Background: Total glucosides of paeony (TGP) has a myriad of hepatoprotective activities. However, its role in cirrhosis, a major risk factor for hepatocellular carcinoma, remains largely unexplored. Here, we determined the impact of TGP on liver fibrosis and inflammation in mice modeled by carbon tetrachloride with an aim to explore a possible molecular mechanism. Methods: Liver fibrosis and inflammation in mice were evaluated using ELISA, hematoxylin-eosin, Masson's trichrome, immunohistochemical staining and TUNEL methods. The impact of TGP on gene expression in the liver tissues of the mice was investigated using microarray analysis, showing the most significant increase in expression of friend leukemia integration 1 transcription factor (FLI1).
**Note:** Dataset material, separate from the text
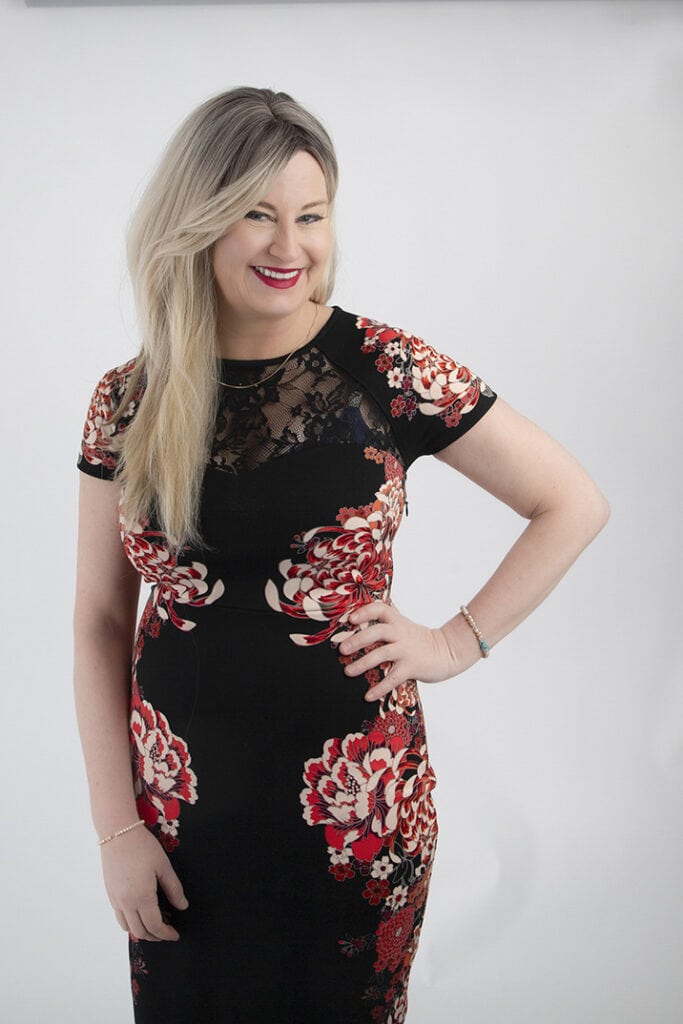 A smiling woman with long blonde hair and a powerful presence wears a black dress decorated with red and white floral patterns, standing against a plain white background with one hand on her hip. - Jodi O Photography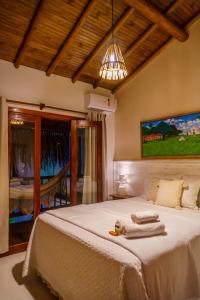 a bedroom with a large bed with towels on it at Pousada Casa Joana Trancoso in Trancoso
After loss-of-functions assays of FLI1, the downstream gene of FLI1 was searched by bioinformatics analysis and verified. Results: TGP reduced liver tissue damage, inhibited apoptosis, and alleviated liver fibrosis and inflammation in cirrhotic mice. FLI1 was downregulated in the liver of cirrhotic mice and lipopolysaccharide-treated hepatocytes, and TGP promoted the expression of FLI1. FLI1 depletion inhibited the effects of TGP on alleviating liver fibrosis and inflammatory responses in mice. FLI1 repressed Nod-like receptor protein 3 (NLRP3) transcription by binding to its promoter. Further silencing of NLRP3 in the presence of shFLI1 alleviated histopathological changes, inhibited apoptosis, and attenuated liver fibrosis and inflammatory responses in the liver of cirrhotic mice. Conclusions: TGP promotes the expression of FLI1, which in turn inhibits NLRP3 expression, thereby reducing cirrhosis-induced liver fibrosis and inflammatory response in mice.